The two (nested) REDUCE clauses make sure that the returned collection only has distinct nodes.

The outer REDUCE clause initialized the result collection with the n node, since it must always be in the disjoint subgraph, even if there are no other nodes.

Better Answer

MATCH p=(n { name: "Neo" })-[r*0..]-(m)
WITH NODES(p) AS nodes
UNWIND nodes AS node
RETURN DISTINCT node

This simpler query (which returns node rows) uses [r*0..] to allow 0-length paths (i.e., n does not need to have any relationships -- and m can be the same as n). It uses UNWIND to turn the nodes node collection(s) into rows, and then uses DISTINCT to eliminate duplicates.

Alternate Solution (does not work yet, due to bug)

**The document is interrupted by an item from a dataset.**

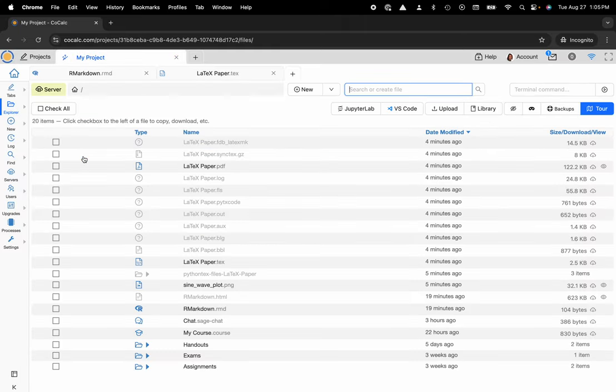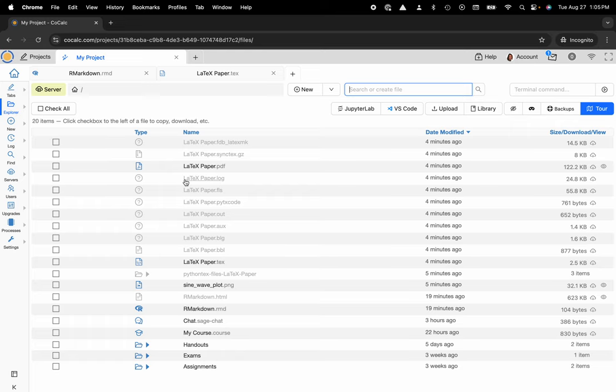And you can see my file system here and you'll notice that there are a ton of different auto-generated files that have LaTeX in the title. This is because I decided to run a little bit of Python code directly inside of the LaTeX editor, which is one of the advantages, but it does create some auto-generated or temporary files.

This alternate solution below (which returns node rows) should also have worked, except that there is currently a bug (that I just reported) that causes all identifiers to be forgotten after a query unwinds a NULL (which can happen, for instance, if an OPTIONAL MATCH fails to find a match). Due to this bug, if the Neo node has no relationships, the query below currently returns no results. Therefore, you have to use the query above until the bug is fixed.

MATCH (n { name: "Neo" })
OPTIONAL MATCH p=(n)-[*]-(m)
WITH n, NODES(p) AS nodes
UNWIND nodes AS node
RETURN DISTINCT (
  CASE
  WHEN node IS NULL THEN n
  ELSE node END ) AS res;
1
votes

It might help if you added a diagram or some sample data. However, if I'm understanding your data model correctly you are defining "groups" of nodes as all nodes connected by a certain relationship? So to get all members of "group1" nodes (let's define that as all nodes connected by a group1 relationship) and not any nodes connected to group2 you could use a query like this:

MATCH (a:Person)-[:GROUP1]-(b:Person)
WHERE NOT exists((a)-[:GROUP2]-())
RETURN a

You can also use Node labels to define groups of Nodes.